# First 30"er of 2018.



## ridgetop (Sep 13, 2007)

I've found a few bucks that are close to 30" this year but I finally found one that easily passes that mark by a few inches. 
Not very high but he's sure wiiide.


----------



## EagleEye (Sep 1, 2016)

Great buck! Love to see how he finishes!


----------



## Crndgs8 (Sep 14, 2013)

Great looking buck there


----------



## High Desert Elk (Aug 21, 2012)

I think I those ones too, tell me where you were to check if they were the same ones. :grin:


----------



## legacy (Sep 30, 2007)

Sweet buck!!


----------



## toasty (May 15, 2008)

That is my dream buck.


----------



## CPAjeff (Dec 20, 2014)

Awesome - thanks for sharing!


----------



## bowgy (Oct 10, 2007)

ooh ooh I want one.


----------



## stillhunterman (Feb 15, 2009)

Pretty bucks for sure, and the one is really wide with a while left to grow. As much as I'm liking to chase elk, I just love to go after old mature bucks! Thanks for posting ridge.


----------



## PBH (Nov 7, 2007)

I was disappointed. 



I thought I was going to see a big fish.
:-|


----------



## johnnycake (Jul 19, 2011)

I mean...yeah...he's cool I guess....

(fine. He's frickin' gorgeous. But still not a giant bull elk)


----------



## goofy elk (Dec 16, 2007)

I'd shot him!


----------



## ridgetop (Sep 13, 2007)

johnnycake said:


> I mean...yeah...he's cool I guess....
> 
> (fine. He's frickin' gorgeous. But still not a giant bull elk)

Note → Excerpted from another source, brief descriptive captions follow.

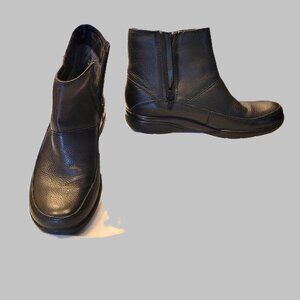 Clarks Black Leather Women's Ankle Boots Size 5.5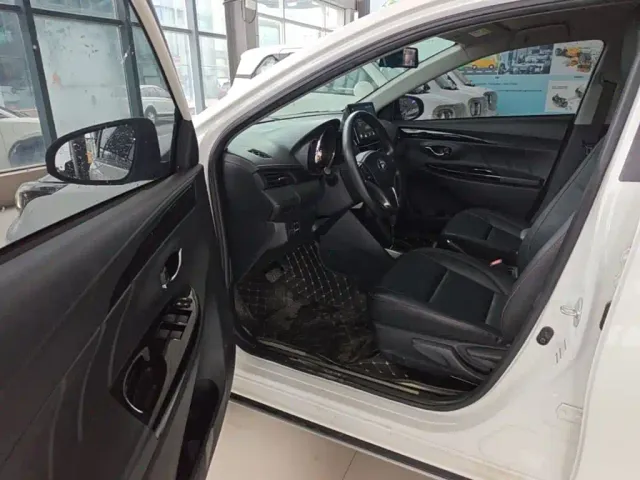 Toyota YARiS L Zhi Xuan — Фото автомобиля 15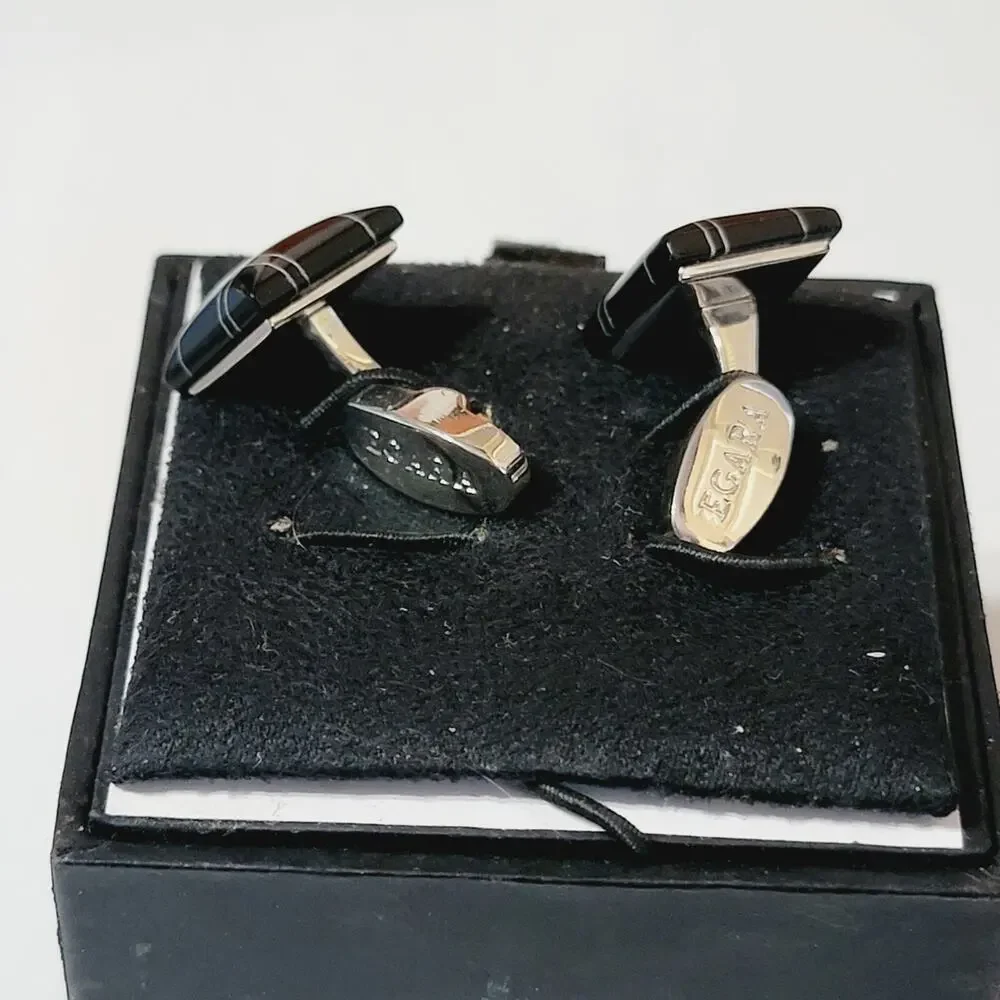 Engara cufflinks featuring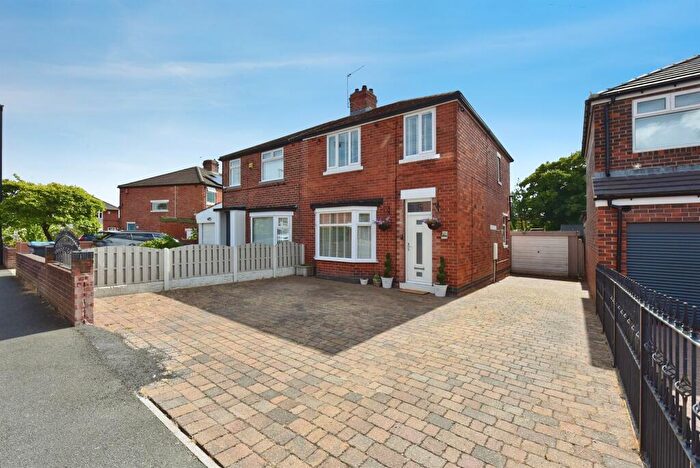 3 Bedroom Semi Detached House For Sale In Birklands Close, Handsworth, Sheffield, S13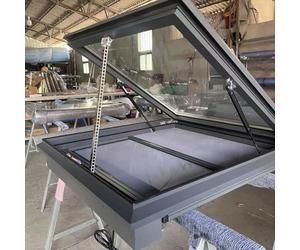 Aluminium Electric Skylight Roof Window with Mosquito Nets, Waterproof Design for Lighting and Ventilation in Roof, Attic, Basement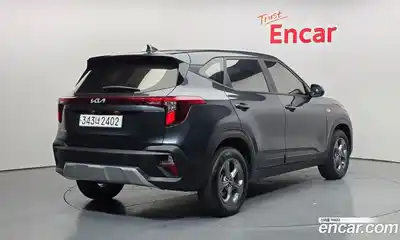 Kia Seltos 2024 2.0 Автомат в Москве № 746143, миниатюра 2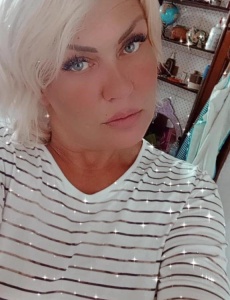 Victoria madurita trato de novios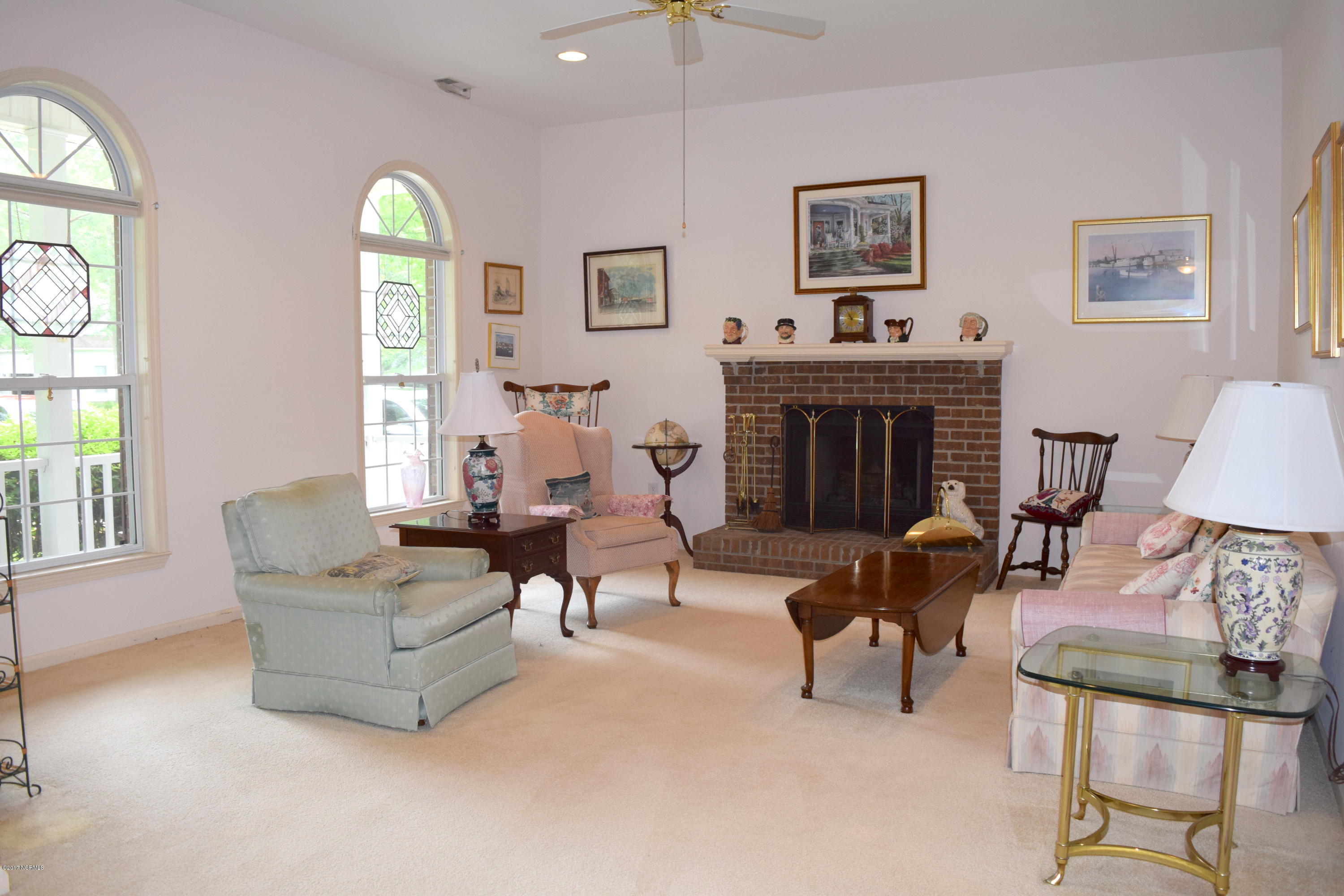 560 Deer Run Road New Bern, NC 28562 - Photo 2 of 19 Spacious Living Room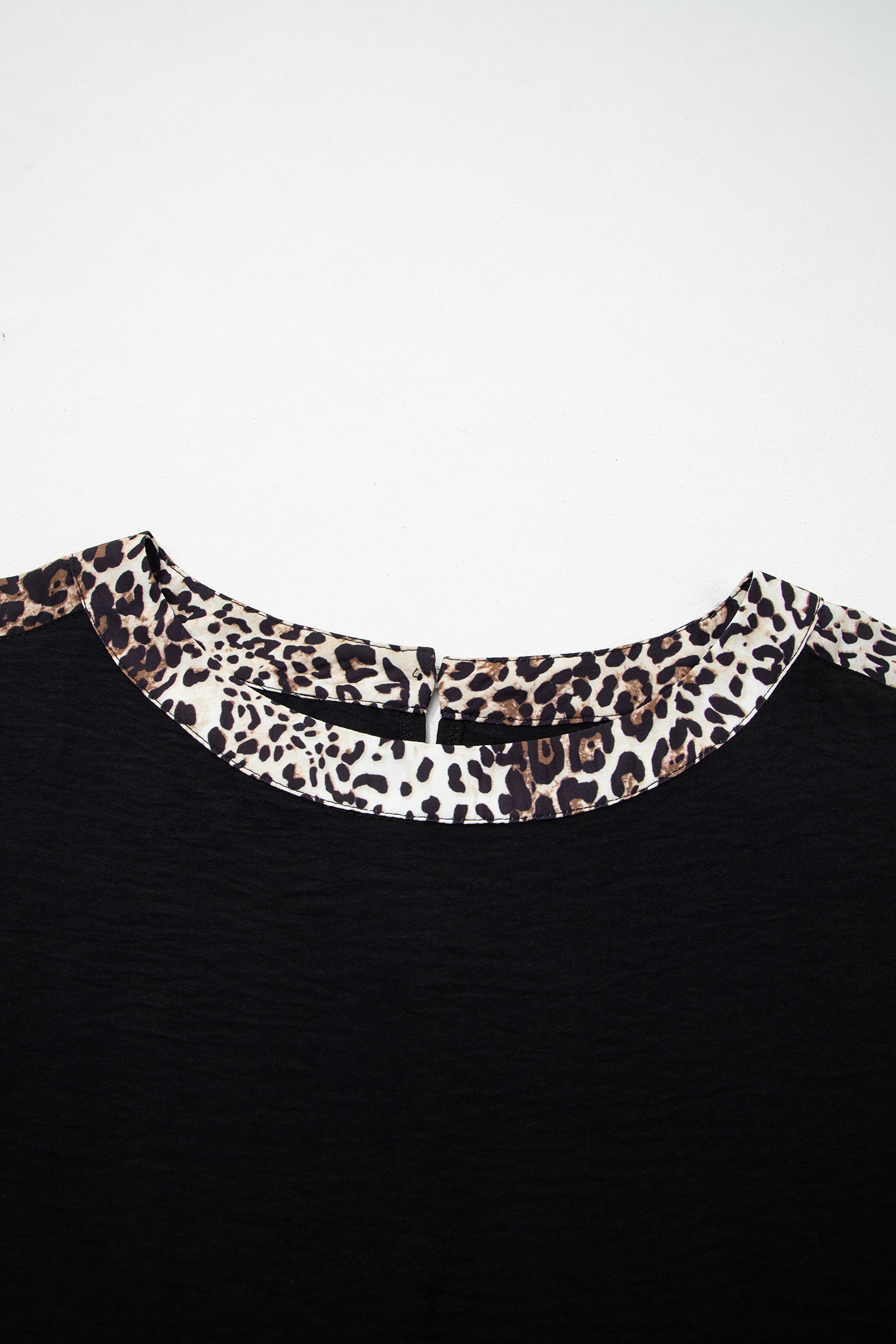 Plus Size Black  Leopard Patchwork Round Neck Loose Tee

Oh have I a treat for you. I nicknamed him splitter. And on a side note, I found Mr. Pie again and he's gaining weight. Just not much in antler growth this year.


----------



## johnnycake (Jul 19, 2011)

ridgetop said:


> Oh have I a treat for you. I nicknamed him splitter. And on a side note, I found Mr. Pie again and he's gaining weight. Just not much in antler growth this year.


Ok, I forgive you. And glad to hear Pie's fattening up, maybe he'll survive this fall/winter and get back on track next year.

Splitter...hmmm....


----------



## Vanilla (Dec 11, 2009)

ridgetop said:


> Oh have I a treat for you. I nicknamed him splitter. And on a side note, I found Mr. Pie again and he's gaining weight. Just not much in antler growth this year.

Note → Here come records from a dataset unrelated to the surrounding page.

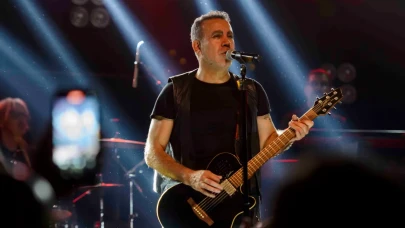 Haluk Levent konser sonrası fenalaştı, hastaneye kaldırıldı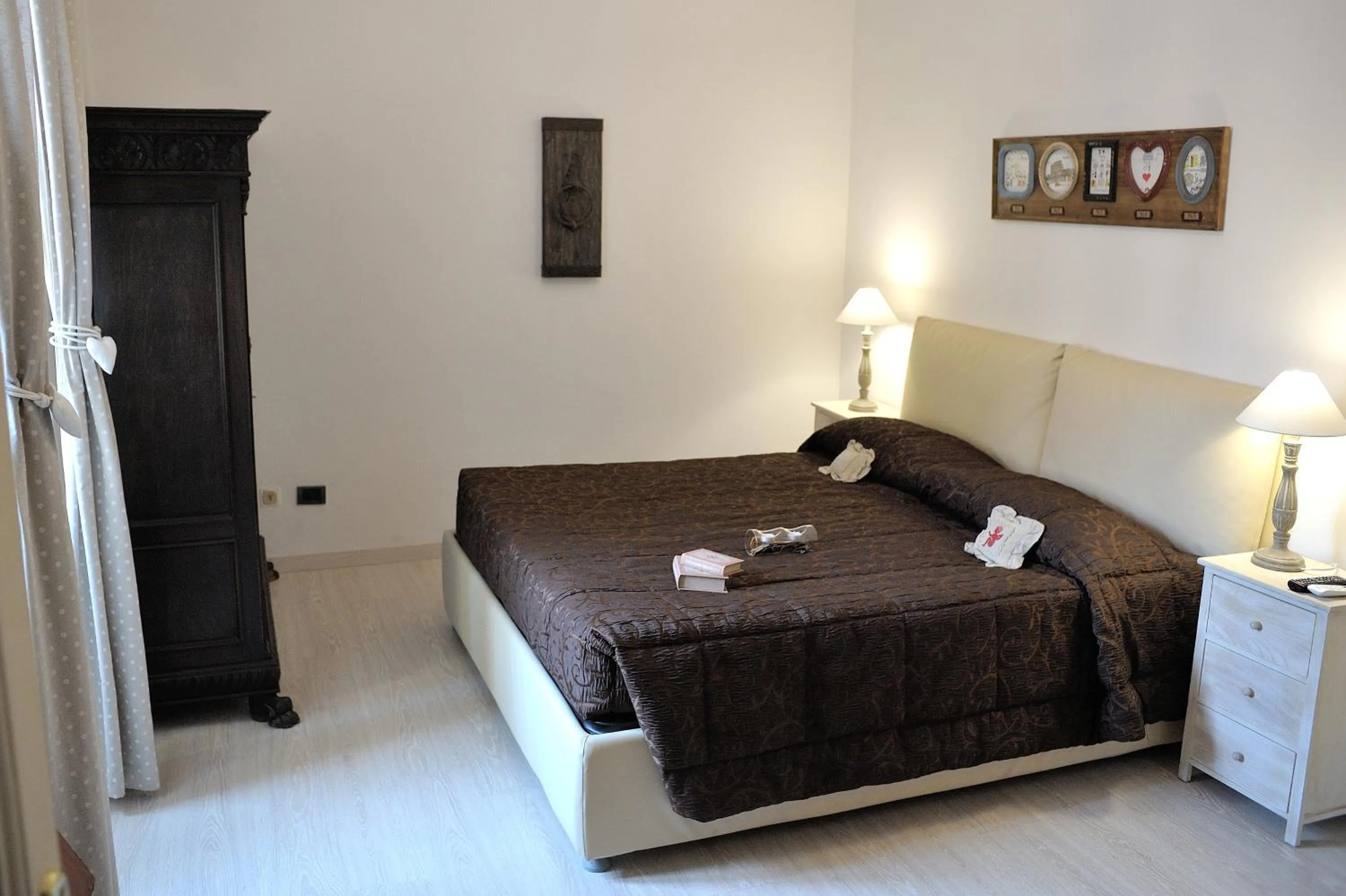 Photo of the whole room, Bed in Aquarius Inn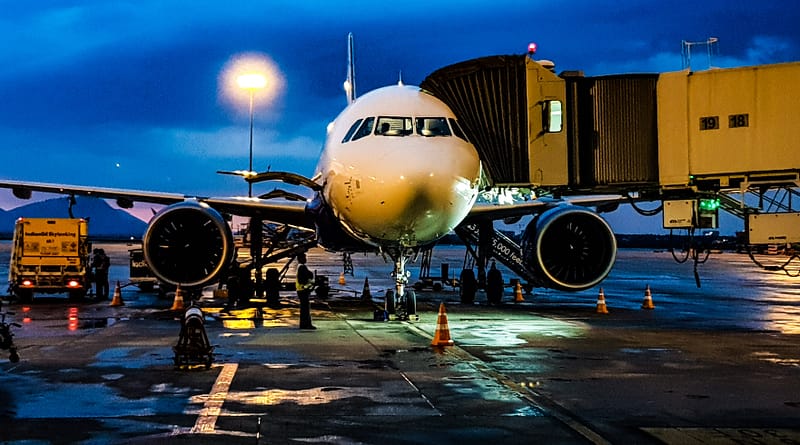 airliner connected to aerobridge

Pics, or it didn't happen.

C'mon ridge, it's the end of friggin July and we're all about to go nuts!


----------



## Hunttilidrop (Jun 12, 2018)

^^^ +1


----------



## MadHunter (Nov 17, 2009)

He definitely looks like he's -8/- big!


----------



## ridgetop (Sep 13, 2007)

You guys would actually shoot it even if it doesn't "score" very well?


----------



## johnnycake (Jul 19, 2011)

ridgetop said:


> You guys would actually shoot it even if it doesn't "score" very well?


Imagine that! But yeah, I would! All of my mulie bucks combined probably score as much as his weaker side front fork...but I'm a sucker for those tasty little bucks right next to the road!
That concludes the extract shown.